"The people at the top are not the people who made the most contributions to our society. Some of them are. But a very large proportion (is) simply people I describe as rent-seekers -- people who have been successful in getting a larger share of the pie rather than increasing the size of the pie. ...[W]e don't understand the extent to which our economy has really become a rent-seeking economy."
This runs counter to a view I often see in conservative commentary - the people with a lot of money are the "winners," who should be exalted and people who actually work for a living (and especially those who lose their jobs in an economic downturn) are "losers" and "freeloaders."
I think the biggest freeloaders are those who siphon off money from the productive work of others.
Stiglitz' take:
"Much of what goes on in the financial sector is this kind of rent-seeking.
"The most dramatic example was the predatory lending and the abusive credit card practices, which took money from people on the bottom and the middle often in a very deceptive way, sometimes in a fraudulent way, and moved it to the top....

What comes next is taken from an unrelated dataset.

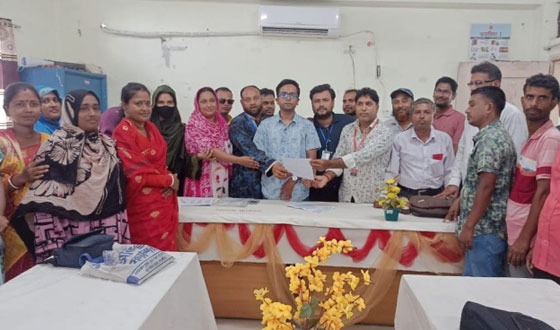 আশাশুনিতে বিভিন্ন দাবীতে স্বাস্থ্য সহকারীদের স্বারকলিপি প্রদান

"And what is interesting to realize is that our tax structure not only is unfair, but actually distorts our economy. It lowers growth and increases inequality. If you tax speculation at less than half the rate you tax people who work for a living, what you do is you encourage speculation. You weaken the economy. Speculative activities are activities associated with high levels of inequality. And that way you increase inequality. We tax in a sense a lot of the rent-seeking activities at a lower rate because they get under the rubric of the capital gains tax. ... "
Stiglitz' aim is an economy that works better. For everyone.